NO HEROES   8       3 – 11 – 81C'est un jeu qui n'est pas gratuit, puisqu'il est le moyen de retourner à la réalité, soit sous son aspect anecdotique, soit sous son aspect symbolique. Il n'est pas gratuit car il permet également de retourner à son imaginaire, ce qui est occulté en grande partie par le quotidien. Prendre des moments pour exprimer quelque chose, ce n'est vraiment que le début de ce que j'aurais souhaité, d'une façon bien plus développée, depuis longtemps. C'est une forme de langage, qui comme tout langage demande un apprentissage et une maitrise. Souvent le langage est perçu comme un moyen d'exprimer quelque chose à quelqu'un d'autre ; il a aussi pour fonction de se dire des choses à soi-même, ce qui m'a paru évident ( le retour sur soi ), dans ce type de travail non verbal. A travers ce type d'activité on peut arriver à exprimer des choses que le langage parlé ne peut pas dire, soit à cause des tabous, soit à cause des stéréotypes. Quand on parle, on le fait en général avec sa gueule, en cachant tout le reste, alors que là, on parle avec tout le reste, en ne cachant que sa gueule. Ce que j'ai senti un peu comme un manque, c'est un temps de concentration trop court. Ce que j'ai trouvé intéressant, c'est que tu aies pu prendre des photos pendant la préparation des images, ce qui me renvoyait à l'idée que quelque chose qui n'est pas fini, n'est pas synonyme de quelque chose qui est vide de sens.
NO HEROES   9       7 – 11 - 81L'idée m'est venue après coup en voyant l'aluminium. L'idée du début, c'était de m'habiller avec du métal, sur un fond noir sans rien derrière . J'ai utilisé le fond en passant derrière ou devant les bandes d'alu. J'avais imaginé un travail très symétrique, très organisé, pour obtenir des images ouvertes, avec de grandes directions. Le héros, je ne l'imagine pas. C'est pas un truc à imaginer. Le héros, c'est une façon d'être qu'a chacun. C'est à l'intérieur que ça se passe.

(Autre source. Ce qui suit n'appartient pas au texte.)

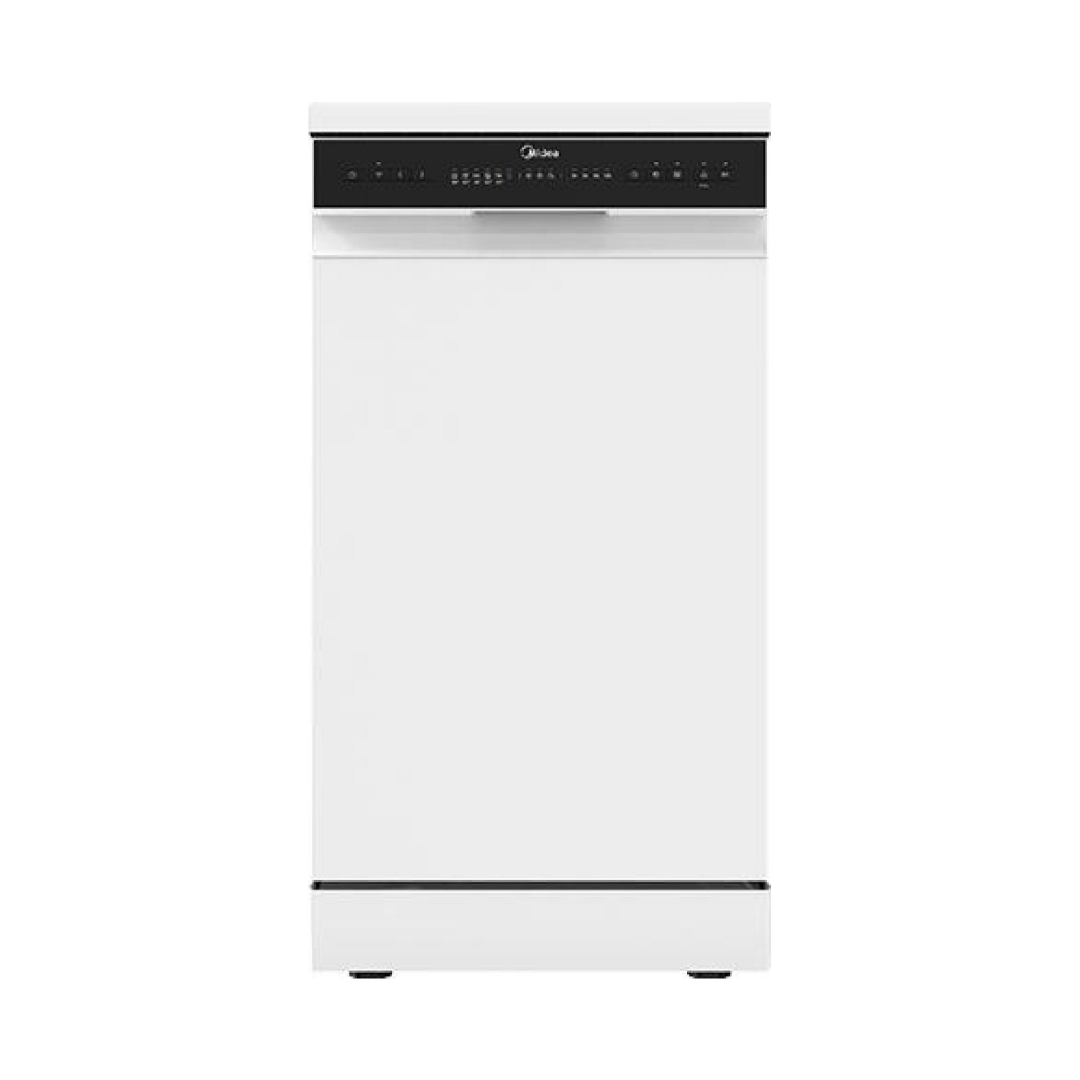 828928689722_193273529930 midea DISHWASHER WQP8-W7634 6472 - الصورة 1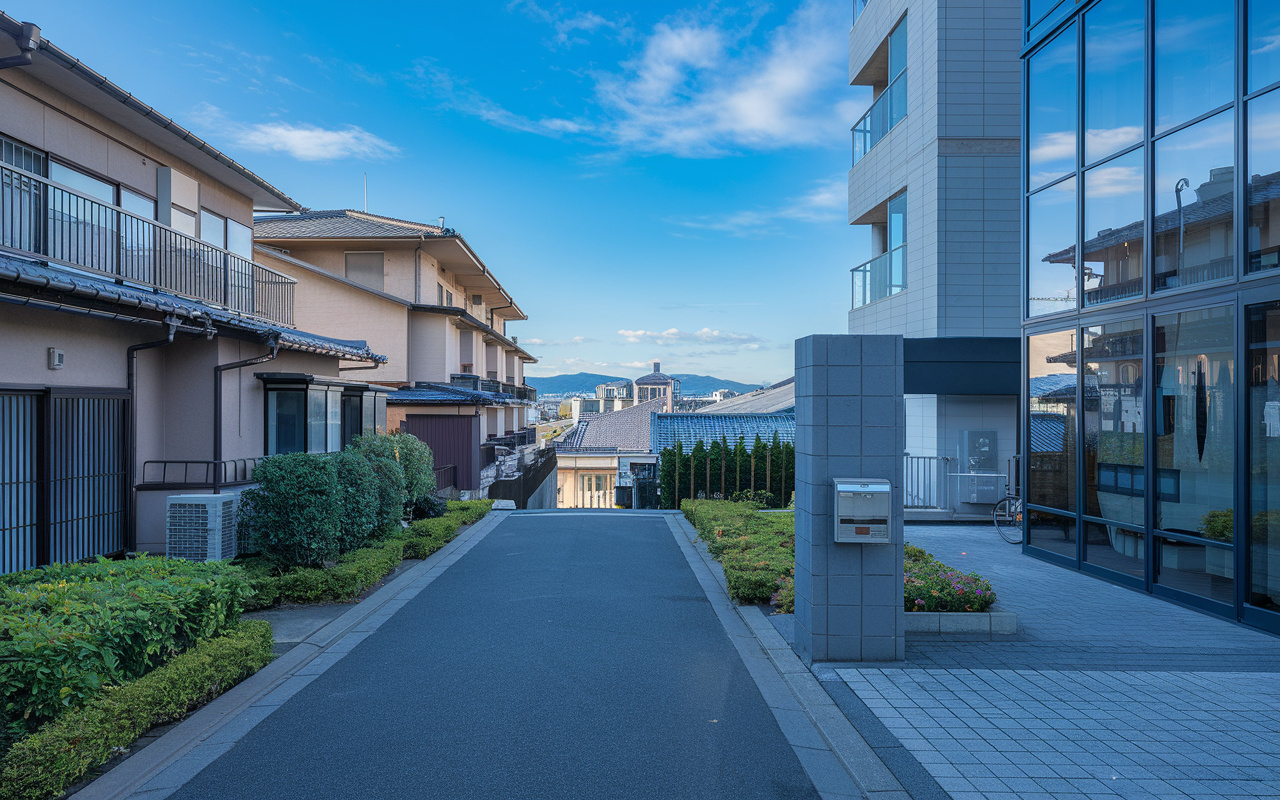 小山市で不動産投資を始める初心者必見！注意点と資金計画の基礎も解説の画像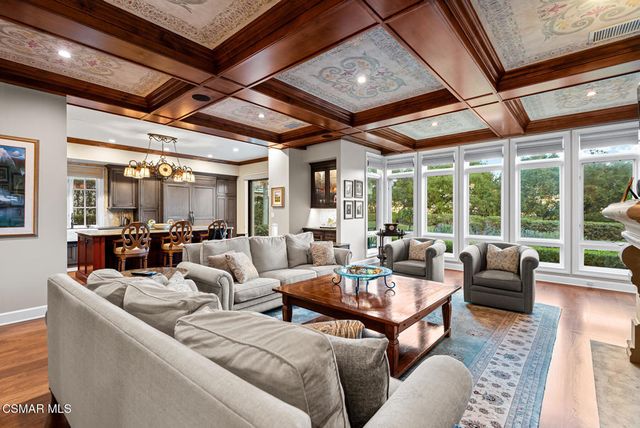 2378 Heatherbank Court, Thousand Oaks, CA 91361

NO HEROES   10       9 – 11 - 81Je croyais que ce serait beaucoup plus dur, quand on en parlait, plus dur d'être autrement, d'être en dehors de toute réalité. Je ne me rendais pas compte qu'on était toujours en présence de l'image d'un héros, toujours en rapport avec des images, même si ce n'était pas très conscient. Au départ je ne voyais pas du tout où tu voulais en venir. C'était très flou. Et maintenant je pense que c'est clair. Jusqu'à tout à l'heure, je ne savais vraiment pas ce qu'on allait faire. C'est quand je me suis trouvé devant les ciseaux et l'alu, que j'ai eu l'intuition de départ. Tu prenais des photos de plus en plus rapidement et ainsi je pensais que je pouvais agir de plus en plus vite ; plus j'avançais dans la recherche, plus je trouvais des idées Habituellement je ne me montre pas facilement nu. Mais ça ne m'a pas posé de problème, dans la mesure où la nature de cette création me mettait en dehors de tout regard ; ce qui veut dire que je ne l'aurais pas fait en public J'ai du mal à faire quelque chose de nouveau, parce que je suis très perfectionniste, et j'ai le stress de ne pas tout bien faire Quand tu m'a proposé de faire ce travail, ça aurait été plus facile de dire non ; mais je me suis dit que c'était une obligation de dire oui, même si je savais que ce n'en était pas une. Maintenant je suis content du résultat. N’empêche qu’une autre fois ça sera pareil.J'en suis conscient, mais ça ne change rien.